Autor: Lucas Bellusci

La cultura argentina, entendida como una construcción intersubjetiva configurada a través de la razón y el lenguaje, se manifiesta como un proceso histórico en continua transformación. Nuestra historia —esa disciplina tantas veces cuestionada en la actualidad— constituye el verdadero ADN de esta construcción cultural, que comenzó a forjarse incluso antes de la fundación de la patria en 1810. La historia no es únicamente un registro de acontecimientos pasados: es también el espejo en el que reconocemos lo que somos y, sobre todo, lo que hemos hecho con aquello que nos sucedió.   

Ahora bien, si descendemos al plano filosófico, podemos pensar que esta historia configura una “substancia”: aquello que, más allá de lo meramente corpóreo, constituye la esencia y la forma de ser de una comunidad política. La cultura argentina, desde este punto de vista, se ha visto marcada por la persistencia de liderazgos despóticos. Desde las raíces coloniales hasta las experiencias del siglo XIX, la política nacional se desarrolló en tensión con prácticas autoritarias. Incluso cuando la Ley Sáenz Peña de 1912 instituyó el voto universal, secreto y obligatorio, ello no eliminó el patrón cultural de personalismos y liderazgos fuertes.

Frente a esta realidad, pensadores como Juan Bautista Alberdi —padre intelectual de la Constitución de 1853— aspiraron a edificar un orden político distinto. Inspirado en el constitucionalismo estadounidense, Alberdi soñó con un país moderno y civilizado, gobernado por un Estado de derecho y con instituciones capaces de garantizar la libertad y el progreso. Sin embargo, el modelo de un presidencialismo fuerte, concebido como garantía de orden y equilibrio, terminó por convertirse en un terreno fértil para el caudillismo y la corrupción. El resultado ha sido un sistema político en el que, aunque las instituciones formales existen, son constantemente vulneradas por una cultura iliberal que se ha convertido en rasgo persistente de nuestra “substancia” nacional.

En este marco, la corrupción —que suele asociarse superficialmente a la política— debe ser comprendida como un fenómeno que emana de la propia sociedad.
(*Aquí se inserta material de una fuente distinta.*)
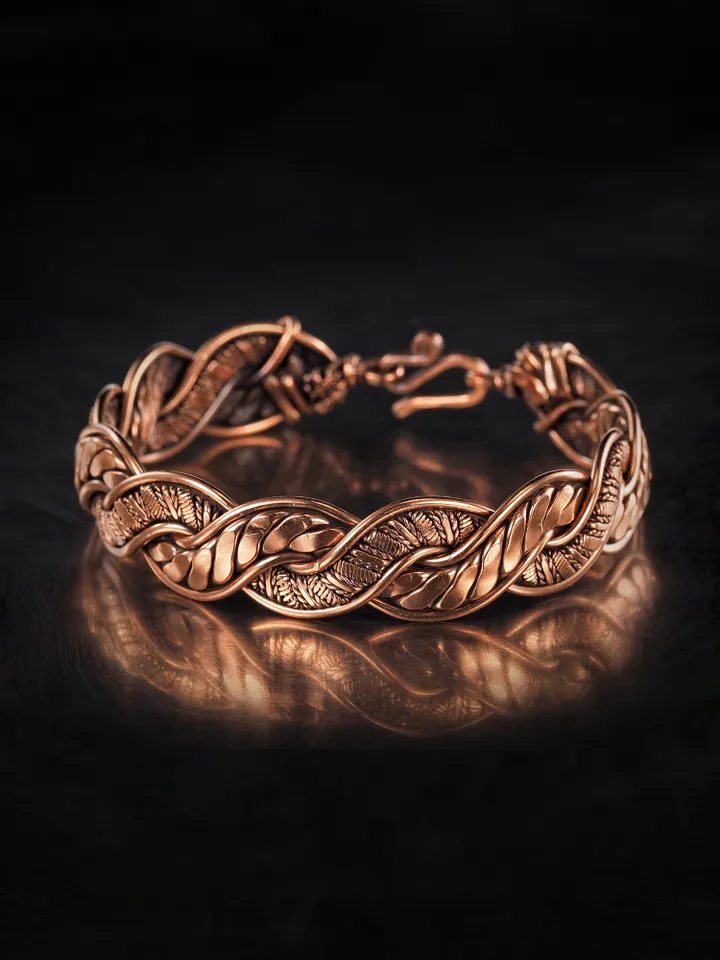 Woven copper wire bracelet Antique style handcrafted copper jewelry Unique gift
Los políticos, en definitiva, provienen del mismo cuerpo social. El vulgo argentino, que se presenta como víctima de la corrupción política, reproduce cotidianamente las mismas prácticas que denuncia. En consecuencia, los argentinos somos víctimas de nosotros mismos: firmamos un pacto social y político que no hemos sido capaces de respetar. Nuestro constitucionalismo refleja la imagen y semejanza de la nación; pero esa misma nación, atrapada en una cultura de ilegalidad y oportunismo, erosiona de manera sistemática el contrato que la constituye. 

Las instituciones argentinas no han fracasado por completo: en algunos momentos han logrado hacer prevalecer el imperio de la ley. Un hecho inédito de los últimos años es la condena judicial de una expresidenta por corrupción y defraudación al Estado, una señal que revela que, aunque debilitadas, las instituciones aún pueden resistir. No obstante, el kirchnerismo —con su poder de movilización y su legitimidad electoral— constituye lamuestra más acabada de la persistencia de una cultura política que justifica, normaliza o minimiza la corrupción como parte del ejercicio del poder. 

Siguiendo la advertencia de Durkheim, cuando no existe un principio de coerción externa que discipline las conductas, el individuo tiende a violar tanto las normas jurídicas como las sociales. En Argentina, el Estado ha dejado de desempeñar el papel de “Leviatán” que Hobbes concebía como garante del orden. El ciudadano argentino, que se percibe a sí mismo por encima del pacto que firmó, desobedece de manera cotidiana las reglas explícitas e implícitas de la convivencia. La norma social, que debería ser un marco incuestionable de acción, se ve diluida ante una cultura de la transgresión. 

El problema no radica, entonces, en la ausencia de leyes o instituciones: en Argentina sobran ambas. El verdadero desafío consiste en transformar la cultura política, desarraigando su carácter iliberal y estableciendo un Estado que imponga el imperio de la ley con la fuerza suficiente para disciplinar las conductas privadas y públicas. Solo así podrá generarse un cambio sustancial en el funcionamiento de las instituciones. Para ello es necesario que tanto el ciudadano como el funcionario comprendan que el delito conlleva consecuencias ineludibles. La madurez política y social de la Argentina requiere que la sociedad asuma su responsabilidad de manera adulta, aceptando que el respeto a la ley es condición indispensable de la libertad y de la vida republicana.


Las opiniones expresadas en este artículo son responsabilidad exclusiva del autor y no reflejan la postura de la revista.